The election results in dispute find Members Only aficionado Mahmoud Ahmadinejad winning the Presidency with 63% of the vote. Well, there's your problem right there. Mahmoud, Baby. You want to rig an election, you don't claim 63%. You squeak by with 51%. Didn't you guys learn anything from Karl Rove? At least let the other guy appear to win his home district. After all, he's not Al Gore.

In that knee jerk manner as peculiar to totalitarian regimes as bikini waxing is to cast members of "Gossip Girl," Iranian authorities blamed America for the unrest. That's right. We're responsible for their amateurish rigging of a phony election. They may have a point. In a way, it is our fault. Re- repressing a populace after they've Twittered and Facebooked and Tranny Shacked is like trying to stuff the subjugation toothpaste back into the tube. Best way is to razor the nozzle off, cram the domination back in with a rubber spatula then staple the nozzle back onto to the tube. Which is a bit unwieldy. But much easier when not exposed to the sun guns of the Western media.

Of course, our excitement over this burgeoning democracy may be a bit premature. It's not like the dissident challenger, former prime minister, Mir Hossein Moussavi, is a raging capitalist. We keep referring to him as a moderate, but in Iran, a moderate is any Shi'ite who's run out of bullets. Another inconvenient truth.

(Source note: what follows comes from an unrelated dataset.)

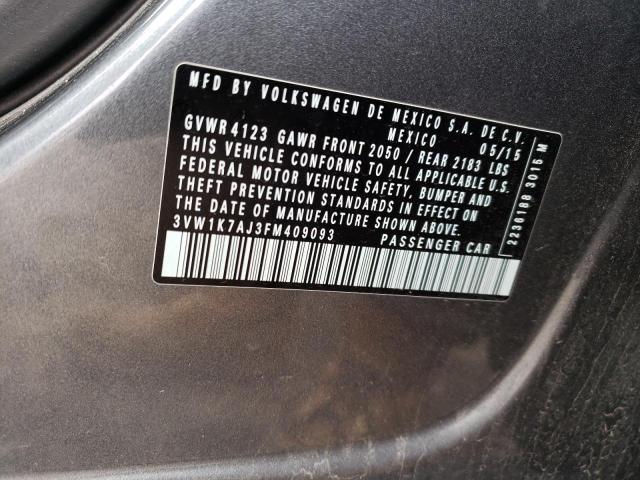 3VW1K7AJ3FM409093 - 2015 VOLKSWAGEN JETTA BASE 灰色 照片 13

Even if the election is overturned, (about as likely as the eventual victory celebration being held at an Irish pub) you might want to hold off on sending that Constitutional Starter Kit. Don't think they're quite ready for a string of NRA chapters is all I'm saying. Just to get on the ballot over there you need the okay of the Supreme Leader. And there's another problem. How free and open is your election really when you have to clear your candidacy with somebody called Supreme Leader? Sounds like the eternal adversary of Moose and Squirrel.

The Supreme Leader in question is Ayatollah Khamenei, a totally different despot than the Ayatollah Khomeini but they do share the same barber. In response to the massive officially banned protests, Khamenei recanted his initial rubber stamp of the election and called upon the 12 member Council of Guardians to investigate the vote. Unh- hunh. Oh yeah. That's going to help. Kind of like putting the 2000 Florida election into the impartial hands of one of the candidate's brothers.

Of course, one big difference is, in Iran, when they talk about hanging chads, they're not referring to cardboard punchouts, but foreign journalists named Chad. Pretty sure they have hanging Jeremys and hanging Rogers as well. Not to mention a soon to be veritable rash of hanging Mir Hosseins.

Will Durst is a San Francisco based political comic who writes sometimes. This is one of them.